九州に移り住んでからは何より、太宰府天満宮の梅が見事なものである。殊に飛梅と呼ばれる白梅は道真公の逸話と相俟って迫力のある大木だが、実は他の梅と開花の時期が合わず、境内が満開になる頃には飛梅はほぼ散り終えてしまっているのが実情である。それに県北と云えど長崎から太宰府までは遠く、ちょっと近所でも、というつもりで訪ねる訳には行かない。
これまでで最も見応えがあったのは、滋賀県南部・石山寺の梅園。もうかれこれ二十年近く昔のことだが、三月も下旬になって訪ねた時は様々な色合いの紅白の梅が咲き揃い、桜でないのに春爛漫。桃でもないのに桃源郷という響きがこだました。しかし観たのは一度きり、鎌倉からも九州からも尚遠い幻の様な思い出である。

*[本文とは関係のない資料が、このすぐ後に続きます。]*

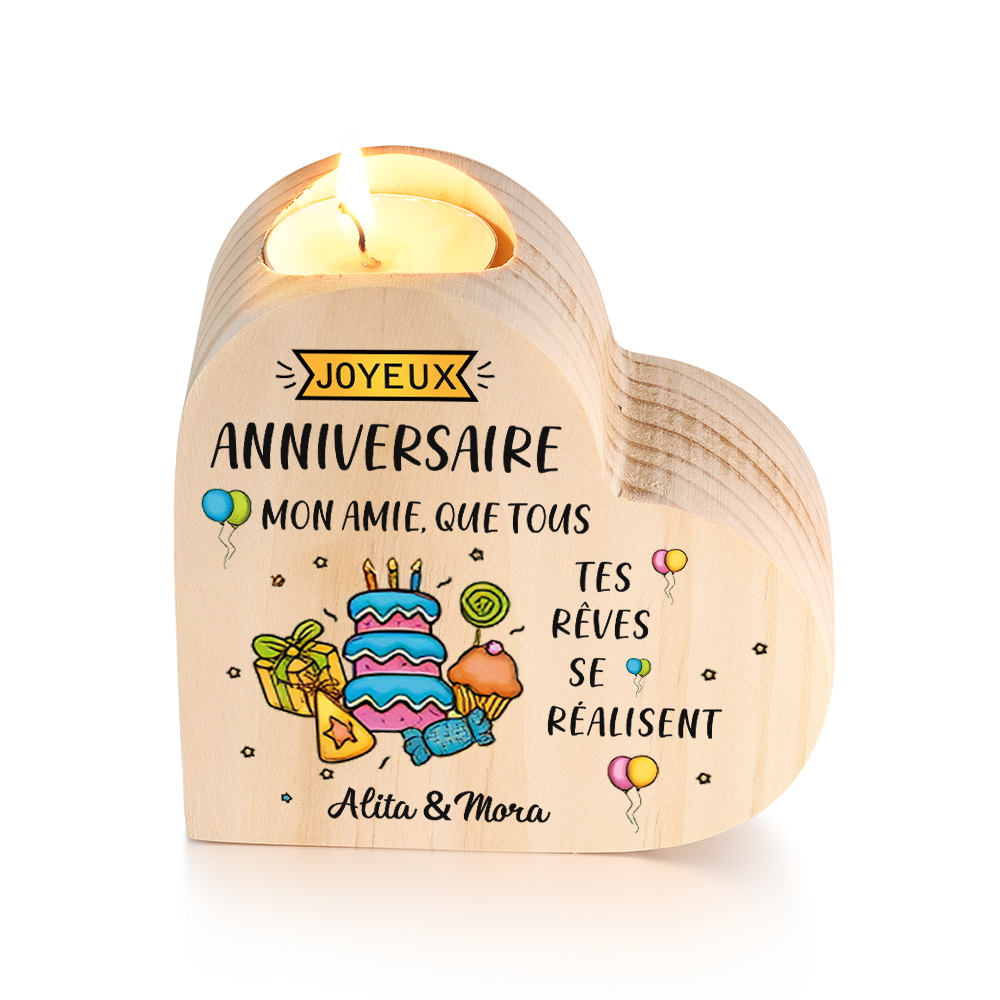 À Ma Meilleure Amie - Bougeoir en Bois sans bougie 2 Prénoms Personnal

此方に来て最も身近な梅の見所と云えば、武雄の御船が丘梅林だろうか。園でなく梅林というだけあって、梅の数は群を抜いている。そして紅梅も白梅もそれぞれあるのだが、実の処いささか艶の乏しさがある。確かに満開を迎えた時など一帯が香に満ちて、梅の仄かな色気が漂うが、桜などと比べるとどうしても痩せて見える。石山寺などで堪能したふくよかさが感じられない。それでもとにかく梅が観たいという時には、自宅から一時走れば辿り着く易しさは重宝する。
しかし今年は県内の名所が観たいと我儘を云った。島原城の梅園である。長崎とひと口に云っても南北に広く、県北から島原まではひと旅行するくらいの距離があるのだが、家人に促し南下した。

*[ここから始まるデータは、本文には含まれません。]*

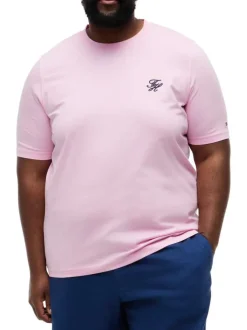 T-shirt en coton rose uni pourvu d'un col rond et de manches courtes
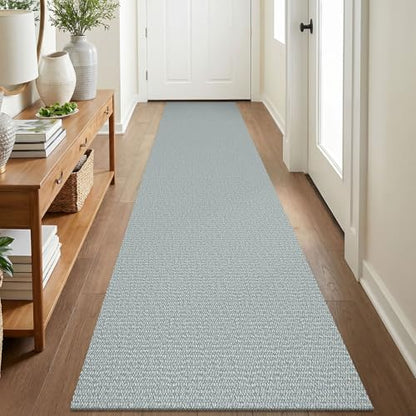 Washable Runner Rug, Non Slip Entry Runner, 2x8 Ft, Turquoise/Gray | Washable Braided Runner Carpet, Non Slip Rubber Dot Backed, For Hallway, Kitchen, Entryway, Bedroom, Laundry Room, Foyer - color: Turquoise/Gray, size: 2' x 8' (Rectangular)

島原城は島原の町のほぼ中心。半島ではまだ中ほどだが、県内で見れば随分南に当たる。
余りよく知らずにいたが、ここの梅は県内で最も早く咲くことで有名なのだそうである。正直出足の遅い今年、予めそれを知っていればわざわざ行くこともなかったろうが、数日前のリポートで「まだ幾日か保ちそう」という報告を頼りに駆けつけた。
観梅〜20140228
残念ながらというか、案の定というべきか、二月末日の島原の梅は既に散り始め。遠目にはまだ満開を迎えていないのかという風情だが、近くに寄ってよく見ると既に散り落ち萼だけが残る枝が何本もあった。

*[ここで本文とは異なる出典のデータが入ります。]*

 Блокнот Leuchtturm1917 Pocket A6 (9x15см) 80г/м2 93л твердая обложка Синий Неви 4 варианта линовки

しかしそれでもまだ紅白とも残る花は残り、県内では数少ない艶やかな梅の色を宿していた。堀端で入館料を払い小一時間、往復の途に比べたら短めの滞在だが、敢えて天守閣には上らず、梅を眺めることだけに専心した。
島原では既に次の催し、雛祭に合わせた企画を推進している様で、平日ということもあり梅園を訪れる客はまばらだったのが寂しい。その分のんびり観ることが出来たとも云えようが、梅の木と観梅の客とどちらが多いかわからないくらいの賑わいを見れば、こっそりと梅の精、或いは仙人がその人並に紛れて微笑む姿を垣間見られたかも知れない。